1#
2# Module Parse::Yapp.pm.
3#
4# Copyright (c) 1998-2001, Francois Desarmenien, all right reserved.
5#
6# See the Copyright section at the end of the Parse/Yapp.pm pod section
7# for usage and distribution rights.
8#
9#
10package Parse::Yapp;
11
12use strict;
13use vars qw($VERSION @ISA);
14@ISA = qw(Parse::Yapp::Output);
15
16use Parse::Yapp::Output;
17
18# $VERSION is in Parse/Yapp/Driver.pm
19
20
211;
22
23__END__
24
25=head1 NAME
26
27Parse::Yapp - Perl extension for generating and using LALR parsers.
28
29=head1 SYNOPSIS
30
31  yapp -m MyParser grammar_file.yp
32
33  ...
34
35  use MyParser;
36
37  $parser=new MyParser();
38  $value=$parser->YYParse(yylex => \&lexer_sub, yyerror => \&error_sub);
39
40  $nberr=$parser->YYNberr();
41
42  $parser->YYData->{DATA}= [ 'Anything', 'You Want' ];
43
44  $data=$parser->YYData->{DATA}[0];
45
46=head1 DESCRIPTION
47
48Parse::Yapp (Yet Another Perl Parser compiler) is a collection of modules
49that let you generate and use yacc like thread safe (reentrant) parsers with
50perl object oriented interface.
51
52The script yapp is a front-end to the Parse::Yapp module and let you
53easily create a Perl OO parser from an input grammar file.
54
55=head2 The Grammar file
56
57=over 4
58
59=item C<Comments>
60
61Through all your files, comments are either Perl style, introduced by I<#>
62up to the end of line, or C style, enclosed between  I</*> and I<*/>.
63
64
65=item C<Tokens and string literals>
66
67
68Through all the grammar files, two kind of symbols may appear:
69I<Non-terminal> symbols, called also I<left-hand-side> symbols,
70which are the names of your rules, and I<Terminal> symbols, called
71also I<Tokens>.
72
73Tokens are the symbols your lexer function will feed your parser with
74(see below). They are of two flavours: symbolic tokens and string
75literals.
76
77Non-terminals and symbolic tokens share the same identifier syntax:
78
79		[A-Za-z][A-Za-z0-9_]*
80
81String literals are enclosed in single quotes and can contain almost
82anything. They will be output to your parser file double-quoted, making
83any special character as such. '"', '$' and '@' will be automatically
84quoted with '\', making their writing more natural. On the other hand,
85if you need a single quote inside your literal, just quote it with '\'.
86
87You cannot have a literal I<'error'> in your grammar as it would
88confuse the driver with the I<error> token. Use a symbolic token instead.

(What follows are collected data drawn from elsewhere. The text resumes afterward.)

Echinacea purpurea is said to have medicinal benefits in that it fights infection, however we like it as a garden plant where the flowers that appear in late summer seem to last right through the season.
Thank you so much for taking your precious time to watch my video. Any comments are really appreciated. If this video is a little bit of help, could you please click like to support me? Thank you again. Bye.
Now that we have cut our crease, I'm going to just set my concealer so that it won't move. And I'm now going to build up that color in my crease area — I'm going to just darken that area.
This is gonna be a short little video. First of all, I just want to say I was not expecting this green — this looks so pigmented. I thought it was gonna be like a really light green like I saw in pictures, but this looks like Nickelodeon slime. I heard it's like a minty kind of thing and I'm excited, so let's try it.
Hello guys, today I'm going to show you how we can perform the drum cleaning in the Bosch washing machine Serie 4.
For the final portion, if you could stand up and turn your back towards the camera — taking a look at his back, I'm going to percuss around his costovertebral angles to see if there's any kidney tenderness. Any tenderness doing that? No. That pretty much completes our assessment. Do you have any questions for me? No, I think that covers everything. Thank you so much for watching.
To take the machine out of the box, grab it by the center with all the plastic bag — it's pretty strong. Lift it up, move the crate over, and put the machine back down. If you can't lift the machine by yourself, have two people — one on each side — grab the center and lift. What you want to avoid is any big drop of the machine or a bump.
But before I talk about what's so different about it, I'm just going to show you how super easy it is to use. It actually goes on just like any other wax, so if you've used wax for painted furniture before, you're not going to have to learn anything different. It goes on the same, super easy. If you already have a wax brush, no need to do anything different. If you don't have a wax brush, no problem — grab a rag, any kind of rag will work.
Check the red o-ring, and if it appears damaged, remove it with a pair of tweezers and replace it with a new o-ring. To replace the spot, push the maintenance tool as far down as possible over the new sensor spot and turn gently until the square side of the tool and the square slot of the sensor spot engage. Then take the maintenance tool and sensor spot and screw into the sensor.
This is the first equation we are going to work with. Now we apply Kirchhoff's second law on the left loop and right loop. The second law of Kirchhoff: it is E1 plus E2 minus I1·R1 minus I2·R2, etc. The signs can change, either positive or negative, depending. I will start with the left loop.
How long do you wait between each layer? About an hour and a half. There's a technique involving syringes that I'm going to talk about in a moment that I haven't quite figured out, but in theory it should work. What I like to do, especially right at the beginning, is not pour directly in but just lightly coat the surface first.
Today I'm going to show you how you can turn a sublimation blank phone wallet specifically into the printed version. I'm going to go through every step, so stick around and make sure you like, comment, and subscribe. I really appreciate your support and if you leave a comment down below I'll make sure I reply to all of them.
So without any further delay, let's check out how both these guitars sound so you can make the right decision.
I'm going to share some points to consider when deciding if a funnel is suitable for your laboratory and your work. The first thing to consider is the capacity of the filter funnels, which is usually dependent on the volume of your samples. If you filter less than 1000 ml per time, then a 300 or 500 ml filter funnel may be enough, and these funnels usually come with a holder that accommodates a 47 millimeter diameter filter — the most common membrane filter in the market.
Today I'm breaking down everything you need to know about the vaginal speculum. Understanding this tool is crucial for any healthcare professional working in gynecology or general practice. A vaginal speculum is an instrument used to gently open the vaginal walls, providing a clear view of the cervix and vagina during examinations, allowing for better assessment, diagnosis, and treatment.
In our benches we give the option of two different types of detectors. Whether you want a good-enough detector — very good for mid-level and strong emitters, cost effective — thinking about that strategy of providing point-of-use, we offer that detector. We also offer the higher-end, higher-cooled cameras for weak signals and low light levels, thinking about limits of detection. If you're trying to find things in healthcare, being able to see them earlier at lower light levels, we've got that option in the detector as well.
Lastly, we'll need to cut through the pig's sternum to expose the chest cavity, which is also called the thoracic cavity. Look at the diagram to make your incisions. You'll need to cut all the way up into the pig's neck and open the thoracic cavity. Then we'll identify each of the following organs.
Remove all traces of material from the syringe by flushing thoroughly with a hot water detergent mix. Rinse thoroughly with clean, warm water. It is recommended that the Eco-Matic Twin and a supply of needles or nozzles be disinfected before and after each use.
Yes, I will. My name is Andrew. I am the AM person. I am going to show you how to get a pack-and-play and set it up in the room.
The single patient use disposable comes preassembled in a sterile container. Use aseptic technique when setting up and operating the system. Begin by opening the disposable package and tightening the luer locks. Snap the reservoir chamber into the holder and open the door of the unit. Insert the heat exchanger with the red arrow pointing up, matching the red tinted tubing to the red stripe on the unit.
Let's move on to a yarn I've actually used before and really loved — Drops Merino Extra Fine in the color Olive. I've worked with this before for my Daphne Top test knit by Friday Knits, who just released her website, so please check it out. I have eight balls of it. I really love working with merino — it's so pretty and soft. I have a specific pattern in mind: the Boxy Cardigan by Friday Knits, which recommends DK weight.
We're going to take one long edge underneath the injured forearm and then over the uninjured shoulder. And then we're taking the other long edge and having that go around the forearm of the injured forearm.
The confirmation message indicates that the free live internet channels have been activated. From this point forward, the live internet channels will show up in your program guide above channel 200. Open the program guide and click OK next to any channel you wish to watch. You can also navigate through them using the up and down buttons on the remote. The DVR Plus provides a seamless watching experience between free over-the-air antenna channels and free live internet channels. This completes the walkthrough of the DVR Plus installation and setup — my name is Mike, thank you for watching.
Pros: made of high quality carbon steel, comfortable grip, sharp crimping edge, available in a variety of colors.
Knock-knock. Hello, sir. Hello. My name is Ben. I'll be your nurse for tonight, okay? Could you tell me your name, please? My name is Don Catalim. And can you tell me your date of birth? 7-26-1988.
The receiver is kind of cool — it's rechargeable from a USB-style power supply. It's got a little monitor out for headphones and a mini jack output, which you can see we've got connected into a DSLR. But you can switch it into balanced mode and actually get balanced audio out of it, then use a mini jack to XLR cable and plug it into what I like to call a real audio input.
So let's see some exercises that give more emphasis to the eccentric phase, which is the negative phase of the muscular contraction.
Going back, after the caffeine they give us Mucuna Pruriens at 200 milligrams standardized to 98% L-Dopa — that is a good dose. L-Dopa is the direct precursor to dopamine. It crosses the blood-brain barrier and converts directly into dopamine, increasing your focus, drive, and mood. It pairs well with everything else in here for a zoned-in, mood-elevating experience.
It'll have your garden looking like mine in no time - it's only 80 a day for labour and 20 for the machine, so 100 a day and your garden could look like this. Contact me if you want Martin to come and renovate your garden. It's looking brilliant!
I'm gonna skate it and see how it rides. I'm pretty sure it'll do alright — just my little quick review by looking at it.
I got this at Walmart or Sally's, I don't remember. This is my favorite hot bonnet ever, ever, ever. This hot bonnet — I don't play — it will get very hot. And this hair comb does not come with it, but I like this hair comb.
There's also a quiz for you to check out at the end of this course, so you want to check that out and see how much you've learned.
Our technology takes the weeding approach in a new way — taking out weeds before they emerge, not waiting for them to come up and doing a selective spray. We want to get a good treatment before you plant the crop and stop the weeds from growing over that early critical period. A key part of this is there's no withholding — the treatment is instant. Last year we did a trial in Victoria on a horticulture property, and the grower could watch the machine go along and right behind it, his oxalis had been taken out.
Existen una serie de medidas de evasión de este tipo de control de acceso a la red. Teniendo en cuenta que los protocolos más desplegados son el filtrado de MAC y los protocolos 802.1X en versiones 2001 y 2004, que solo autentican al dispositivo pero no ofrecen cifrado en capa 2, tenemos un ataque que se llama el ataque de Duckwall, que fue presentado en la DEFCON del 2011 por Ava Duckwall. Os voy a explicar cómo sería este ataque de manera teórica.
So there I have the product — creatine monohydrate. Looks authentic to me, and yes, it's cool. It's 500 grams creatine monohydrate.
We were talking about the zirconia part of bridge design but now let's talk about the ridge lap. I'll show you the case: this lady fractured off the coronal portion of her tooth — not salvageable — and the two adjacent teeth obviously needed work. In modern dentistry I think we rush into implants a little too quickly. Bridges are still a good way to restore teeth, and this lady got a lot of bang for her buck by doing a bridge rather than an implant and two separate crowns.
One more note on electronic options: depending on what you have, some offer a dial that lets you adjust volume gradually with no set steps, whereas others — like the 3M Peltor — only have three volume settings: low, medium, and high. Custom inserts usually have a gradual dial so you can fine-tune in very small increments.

89In case you inadvertently use it, this will produce a warning telling you
90you should have written it I<error> and will treat it as if it were the
91I<error> token, which is certainly NOT what you meant.
92
93
94=item C<Grammar file syntax>
95
96It is very close to yacc syntax (in fact, I<Parse::Yapp> should compile
97a clean I<yacc> grammar without any modification, whereas the opposite
98is not true).
99
100This file is divided in three sections, separated by C<%%>:
101
102	header section
103	%%
104	rules section
105	%%
106	footer section
107
108=over 4
109
110=item B<The Header Section> section may optionally contain:
111
112=item *
113
114One or more code blocks enclosed inside C<%{> and C<%}> just like in
115yacc. They may contain any valid Perl code and will be copied verbatim
116at the very beginning of the parser module. They are not as useful as
117they are in yacc, but you can use them, for example, for global variable
118declarations, though you will notice later that such global variables can
119be avoided to make a reentrant parser module.
120
121=item *
122
123Precedence declarations, introduced by C<%left>, C<%right> and C<%nonassoc>
124specifying associativity, followed by the list of tokens or litterals
125having the same precedence and associativity.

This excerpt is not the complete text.